"Quand David Séchan (frère du chanteur) a pensé à moi (pour l'anthologie "Putain d'coffret"), ça m'a fait plaisir, j'ai été touché et j'ai pensé qu'effectivement, c'était cohérent", confie à l'AFP cette figure du 9e art, grand prix du festival de la BD d'Angoulême en 1992. 

Dès les années 1980, Frank Margerin se fait un nom dans la BD avec son personnage emblématique, Lucien (l'album "Radio Lucien" sort en 1982), banane de rockeur, perfecto, qui gravite dans un décor de banlieue parisienne proche de celui des chansons de Renaud période "Laisse béton" ou "Marche à l'ombre".

"On a un peu le même univers: la banlieue, les loubards, des types qui se font braquer leur blouson", poursuit le contemporain du musicien (tous deux ont 70 ans). 

Dans l'album de Renaud "Laisse béton", on trouve même la chanson "La bande à Lucien".

Le chanteur à la "chetron sauvage", un de ses surnoms, évoque même dans ce morceau un certain Riton, nom d'un personnage qu'on croise également dans les BDs de Margerin. 

- "Bon feeling" –

"Gamin j'avais un copain nommé Lucien, c'est comme ça que j'ai pensé à ce prénom pour ce personnage; c'est en réécoutant la chanson plus tard que je me suis aperçu que Renaud avait aussi mis un Riton, mais on ne s'était pas concertés", sourit le dessinateur. 

Margerin tâta aussi de la musique, à un niveau plus modeste, membre dans les années 1980 d'un groupe de rock, Dennis' Twist, composé de dessinateurs.

"On s'est croisés sur les plateaux télé, Renaud était en pleine gloire, nous de pauvres dessinateurs faisant de la musique; et il est venu me voir pour savoir si sa prestation était bien. Ca m'a surpris, il n'était jamais sûr de lui."

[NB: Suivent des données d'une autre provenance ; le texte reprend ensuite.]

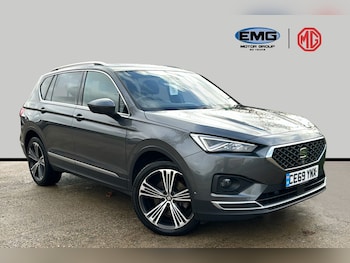 2019 - 2.0 TDI 190 Xcellence Lux 5dr DSG 4Drive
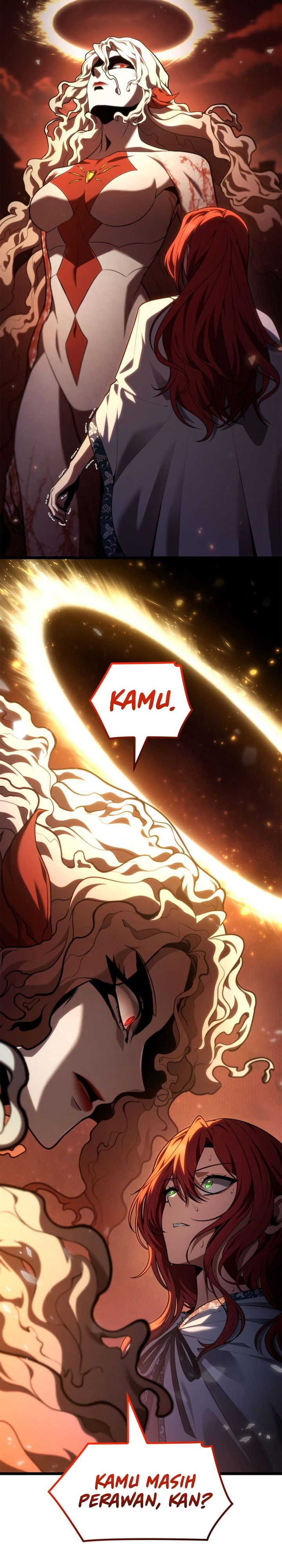 Infinite Mage Chapter 173 Halaman 18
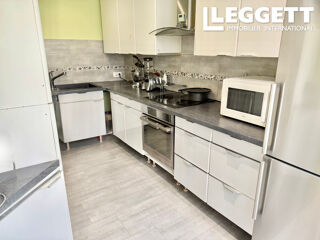  Appartement � vendre 4 pi�ces 84 m�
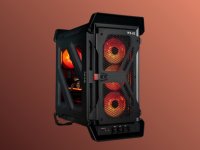 Le novità di Corsair al Computex 2026: nuovi alimentatori, case e soluzioni per più potenza e flessibilità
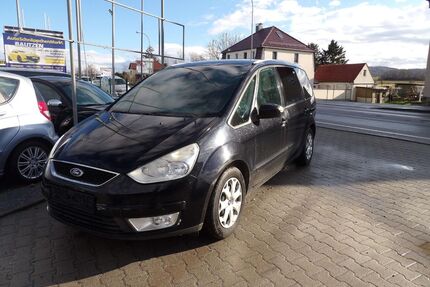 Ford Galaxy Gebrauchtwagen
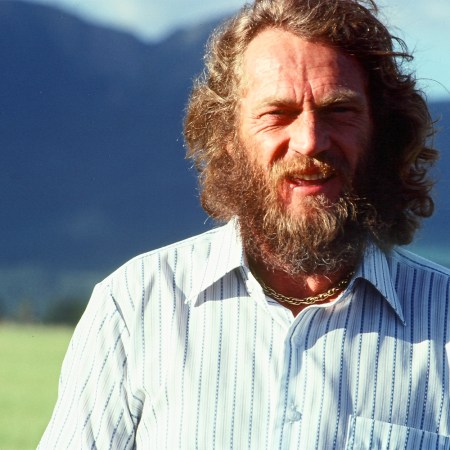 In Praise of Steve McQueen’s Post-Hollywood Hermit Style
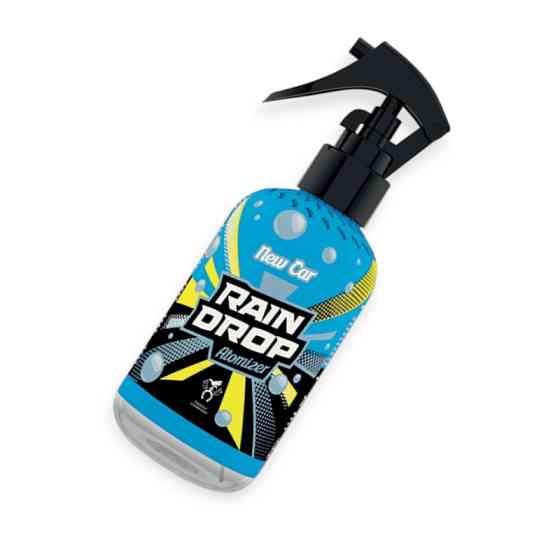 Ароматизатор спрей tasotti rain drop 200 мл Мукачево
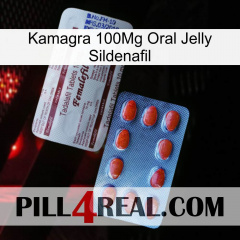 Kamagra 100Mg Oral Jelly Sildenafil 36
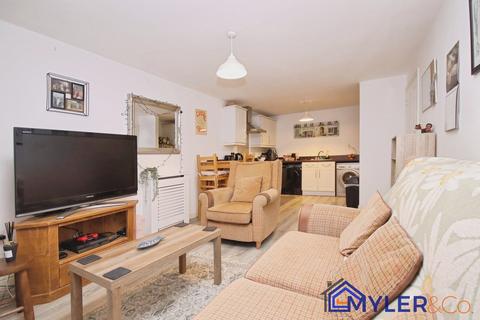 undefined, St Michaels View, Widnes, WA8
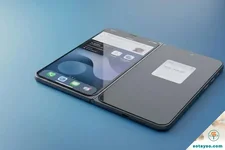 iPhone gập lộ diện: Tham vọng tái định nghĩa trải nghiệm đa nhiệm của Apple vào cuối năm 2026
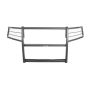 Go Rhino 3130MT 19-24 Ram 1500 3100 Series StepGuard Center Grille + Brush Guards - Tex. Black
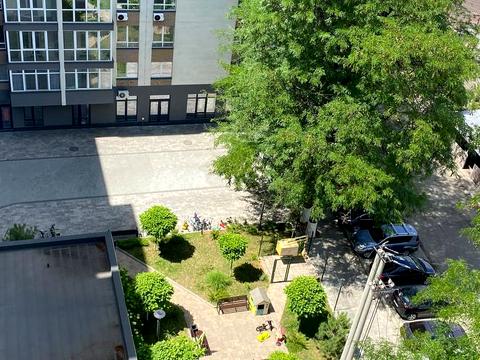 квартира по адресу Профсоюзная ул., 9-А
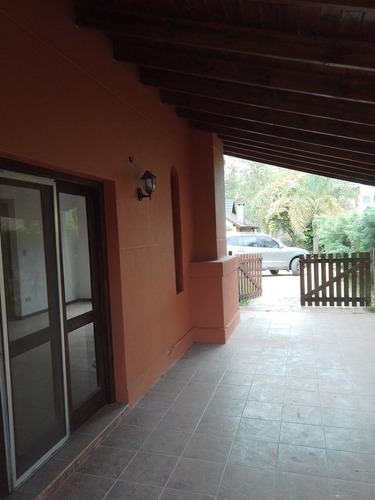Imagen 23 de 27 de Casa - Echeverria Del Lago - Canning - Country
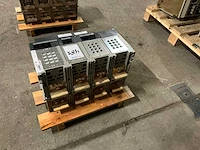 Schneider mtz2-12h1 circuit breaker - afbeelding 4 van  8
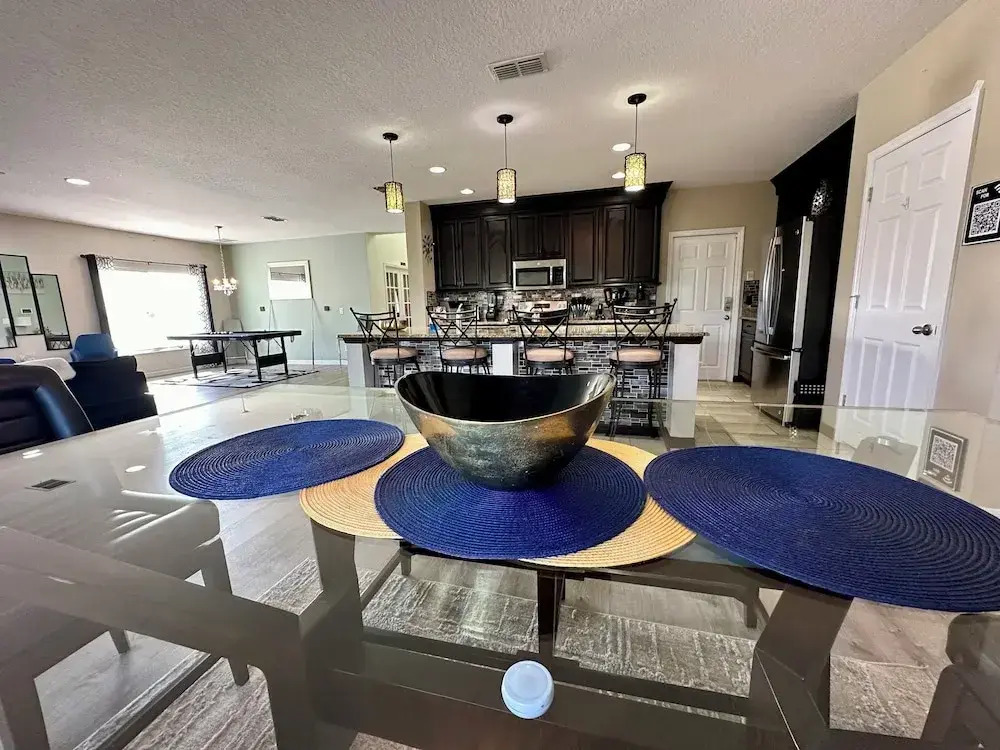 Spacious Fun & Convenient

Un "bon feeling" passe entre les deux hommes dans les années 1980. Margerin dessinera en 1985 la pochette du maxi 45 tours caritatif "Ethiopie" du collectif "Chanteurs sans frontières", chanson écrite par Renaud. 

Puis, un éditeur de BD a l'idée d'une des premières oeuvres du genre dédiée à un chanteur, Renaud, en 1986, "La bande à Renaud/Les belles histoires d'onc' Renaud". 

"Au départ je refuse, je me dis +c'est un truc opportuniste+", se souvient Margerin. "Puis je me dis +merde, tous les dessinateurs jouent le jeu et je ne suis pas dedans, Renaud va penser que je ne l'aime pas !+ (rires), alors j'y vais et j'ai même fait la couverture."

- "Style +crobard+"

Cette couverture est devenue iconique, avec les jambes arquées de Renaud de dos. C'est cette image que David Séchan demanda à Margerin d'adapter pour l'affiche de l'exposition consacrée à son frère à la Philharmonie de Paris il y a deux ans ("Renaud, Putain d'expo").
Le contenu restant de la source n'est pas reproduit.